Até o momento, nenhum grupo reivindicou a autoria da ação; porta-voz do governo da Província de Helmand disse que há mais de 50 feridos, incluindo membros da polícia e do Exército, civis e funcionários do banco

O Estado de S.Paulo

22 de junho de 2017 | 07h13
Atualizado 22 de junho de 2017 | 08h32

LASHKAR GAH, AFEGANISTÃO - Um carro-bomba explodiu nesta quinta-feira, 22, em frente a uma agência bancária na cidade de Lashkar Gah, capital da província afegã de Helmand, deixando dezenas de mortos e feridos, entre eles civis e membros de forças de segurança que esperavam para receber seus salários.

Omar Zwak, porta-voz do governador da província, disse que ao menos 20 pessoas morreram e mais de 50 ficaram feridas, incluindo membros da polícia e do Exército, civis e funcionários da agência do banco New Kabul Bank, onde aconteceu o ataque. Já o Departamento de Saúde de Helmand fala em 29 mortos e 60 feridos.
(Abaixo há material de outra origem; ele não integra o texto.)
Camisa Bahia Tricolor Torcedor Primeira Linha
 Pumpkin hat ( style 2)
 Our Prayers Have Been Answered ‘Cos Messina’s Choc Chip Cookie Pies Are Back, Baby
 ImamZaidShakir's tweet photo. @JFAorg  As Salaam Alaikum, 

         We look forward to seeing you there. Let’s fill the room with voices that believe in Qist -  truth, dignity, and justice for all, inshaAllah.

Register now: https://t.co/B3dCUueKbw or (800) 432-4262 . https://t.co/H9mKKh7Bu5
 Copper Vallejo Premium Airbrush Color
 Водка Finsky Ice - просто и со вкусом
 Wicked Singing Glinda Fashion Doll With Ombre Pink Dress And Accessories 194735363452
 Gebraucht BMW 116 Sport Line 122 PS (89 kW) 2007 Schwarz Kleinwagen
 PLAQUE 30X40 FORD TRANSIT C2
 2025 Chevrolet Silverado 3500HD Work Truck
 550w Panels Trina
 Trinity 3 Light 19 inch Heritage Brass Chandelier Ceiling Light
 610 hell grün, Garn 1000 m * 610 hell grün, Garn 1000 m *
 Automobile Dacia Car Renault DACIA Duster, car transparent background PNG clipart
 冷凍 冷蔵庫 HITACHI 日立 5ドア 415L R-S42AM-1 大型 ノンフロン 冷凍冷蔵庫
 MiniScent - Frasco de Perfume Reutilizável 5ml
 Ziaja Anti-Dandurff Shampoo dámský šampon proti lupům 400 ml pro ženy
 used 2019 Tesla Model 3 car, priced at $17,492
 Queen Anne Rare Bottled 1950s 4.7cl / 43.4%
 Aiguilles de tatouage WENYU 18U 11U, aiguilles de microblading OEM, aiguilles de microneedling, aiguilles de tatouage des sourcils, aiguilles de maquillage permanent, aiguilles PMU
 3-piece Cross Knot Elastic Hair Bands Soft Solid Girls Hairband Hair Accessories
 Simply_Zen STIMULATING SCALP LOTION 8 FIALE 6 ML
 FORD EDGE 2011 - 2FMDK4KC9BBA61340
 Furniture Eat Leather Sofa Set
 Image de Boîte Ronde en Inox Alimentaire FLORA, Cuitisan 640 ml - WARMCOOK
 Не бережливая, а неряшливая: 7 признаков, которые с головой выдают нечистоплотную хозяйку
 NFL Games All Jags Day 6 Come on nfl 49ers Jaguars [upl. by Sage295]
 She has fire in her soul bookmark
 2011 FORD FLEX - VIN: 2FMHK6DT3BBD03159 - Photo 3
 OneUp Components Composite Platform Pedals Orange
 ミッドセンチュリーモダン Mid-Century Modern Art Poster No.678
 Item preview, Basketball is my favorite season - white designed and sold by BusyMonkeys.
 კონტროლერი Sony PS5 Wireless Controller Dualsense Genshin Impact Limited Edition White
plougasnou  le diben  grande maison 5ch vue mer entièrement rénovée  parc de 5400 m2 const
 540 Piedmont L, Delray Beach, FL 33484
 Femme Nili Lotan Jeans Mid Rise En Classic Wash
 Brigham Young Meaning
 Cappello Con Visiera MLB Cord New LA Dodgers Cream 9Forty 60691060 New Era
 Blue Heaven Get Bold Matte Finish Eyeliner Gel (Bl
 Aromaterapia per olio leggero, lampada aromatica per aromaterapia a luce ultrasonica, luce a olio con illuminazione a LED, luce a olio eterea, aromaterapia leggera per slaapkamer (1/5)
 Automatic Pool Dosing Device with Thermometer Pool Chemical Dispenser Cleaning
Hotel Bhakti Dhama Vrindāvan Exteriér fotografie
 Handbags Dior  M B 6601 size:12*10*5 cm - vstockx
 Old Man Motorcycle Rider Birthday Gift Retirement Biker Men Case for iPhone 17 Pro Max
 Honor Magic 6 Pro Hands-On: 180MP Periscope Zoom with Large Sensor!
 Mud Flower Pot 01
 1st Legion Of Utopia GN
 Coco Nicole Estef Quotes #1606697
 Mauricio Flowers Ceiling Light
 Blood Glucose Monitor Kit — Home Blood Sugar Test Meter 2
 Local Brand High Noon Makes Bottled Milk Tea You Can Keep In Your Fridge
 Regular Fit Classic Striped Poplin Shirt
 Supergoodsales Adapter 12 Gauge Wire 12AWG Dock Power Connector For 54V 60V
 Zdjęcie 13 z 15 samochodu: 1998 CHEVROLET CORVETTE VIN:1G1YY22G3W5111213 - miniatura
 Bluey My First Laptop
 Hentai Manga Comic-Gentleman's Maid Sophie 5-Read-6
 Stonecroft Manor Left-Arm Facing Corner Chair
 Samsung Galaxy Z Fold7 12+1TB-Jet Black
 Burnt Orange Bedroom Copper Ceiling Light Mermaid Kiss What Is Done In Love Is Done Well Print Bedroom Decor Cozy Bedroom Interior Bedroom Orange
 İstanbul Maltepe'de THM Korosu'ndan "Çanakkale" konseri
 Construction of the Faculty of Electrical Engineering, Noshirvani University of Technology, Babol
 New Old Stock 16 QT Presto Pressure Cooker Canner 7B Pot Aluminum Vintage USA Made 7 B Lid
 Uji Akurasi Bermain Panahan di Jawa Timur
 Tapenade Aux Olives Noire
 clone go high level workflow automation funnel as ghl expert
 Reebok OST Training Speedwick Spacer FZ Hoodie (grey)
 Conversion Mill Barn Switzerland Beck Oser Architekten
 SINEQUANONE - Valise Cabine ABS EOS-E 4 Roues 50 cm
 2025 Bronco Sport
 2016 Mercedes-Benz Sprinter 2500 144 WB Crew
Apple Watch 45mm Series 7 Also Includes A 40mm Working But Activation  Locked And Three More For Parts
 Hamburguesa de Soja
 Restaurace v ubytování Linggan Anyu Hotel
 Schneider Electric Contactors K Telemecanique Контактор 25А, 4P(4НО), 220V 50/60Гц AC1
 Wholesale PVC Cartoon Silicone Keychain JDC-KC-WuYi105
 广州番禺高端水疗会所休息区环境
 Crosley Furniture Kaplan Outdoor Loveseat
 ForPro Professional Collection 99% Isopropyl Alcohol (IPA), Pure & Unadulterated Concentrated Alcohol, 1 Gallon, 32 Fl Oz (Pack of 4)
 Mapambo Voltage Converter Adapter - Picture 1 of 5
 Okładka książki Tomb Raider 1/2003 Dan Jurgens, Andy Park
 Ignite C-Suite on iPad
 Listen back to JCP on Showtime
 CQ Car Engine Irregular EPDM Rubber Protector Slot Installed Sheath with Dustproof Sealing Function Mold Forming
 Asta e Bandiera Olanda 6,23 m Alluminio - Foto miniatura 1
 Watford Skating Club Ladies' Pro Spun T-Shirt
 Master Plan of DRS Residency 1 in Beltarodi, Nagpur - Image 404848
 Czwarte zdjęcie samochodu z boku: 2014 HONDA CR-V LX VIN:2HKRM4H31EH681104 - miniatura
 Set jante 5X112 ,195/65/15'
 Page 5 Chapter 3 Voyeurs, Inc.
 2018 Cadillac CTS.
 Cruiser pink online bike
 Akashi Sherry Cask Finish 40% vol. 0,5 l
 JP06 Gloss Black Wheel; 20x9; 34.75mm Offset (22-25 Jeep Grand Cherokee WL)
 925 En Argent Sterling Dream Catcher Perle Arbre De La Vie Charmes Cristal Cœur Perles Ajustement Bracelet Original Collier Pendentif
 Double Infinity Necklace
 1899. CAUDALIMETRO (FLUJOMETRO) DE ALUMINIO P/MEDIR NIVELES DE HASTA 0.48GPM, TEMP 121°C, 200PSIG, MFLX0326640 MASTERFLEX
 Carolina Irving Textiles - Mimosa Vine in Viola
O diretor do hospital estatal Bost, Mulá Dad Tabidar, confirmou o número de vítimas, mas advertiu que o balanço pode aumentar nas próximas horas.

Até o momento, nenhum grupo reivindicou a autoria da ação. A mesma agência do New Kabul Bank já havia sido alvo de um ataque em fevereiro em circunstâncias similares. O atentado, reivindicado na época pelos taleban, deixou 6 mortos e 20 feridos.

Ramadã

O Afeganistão celebra nesta quinta-feira a Noite do Destino, uma data importante nos últimos dias do Ramadã, o mês de jejum sagrado para os muçulmanos. Essa época provoca o temor de um aumento no número de ataques de extremistas islâmicos, que acreditam alcançar o paraíso com atentados suicidas durante o período de orações.

O país registrou uma intensificação dos ataques nas últimas semanas, entre eles um que deixou 150 mortos e 400 feridos no dia 31 de maio no bairro diplomático de Cabul. A autoria deste atentado, o mais violento no país desde 2001, ainda não foi reivindicada por nenhum grupo.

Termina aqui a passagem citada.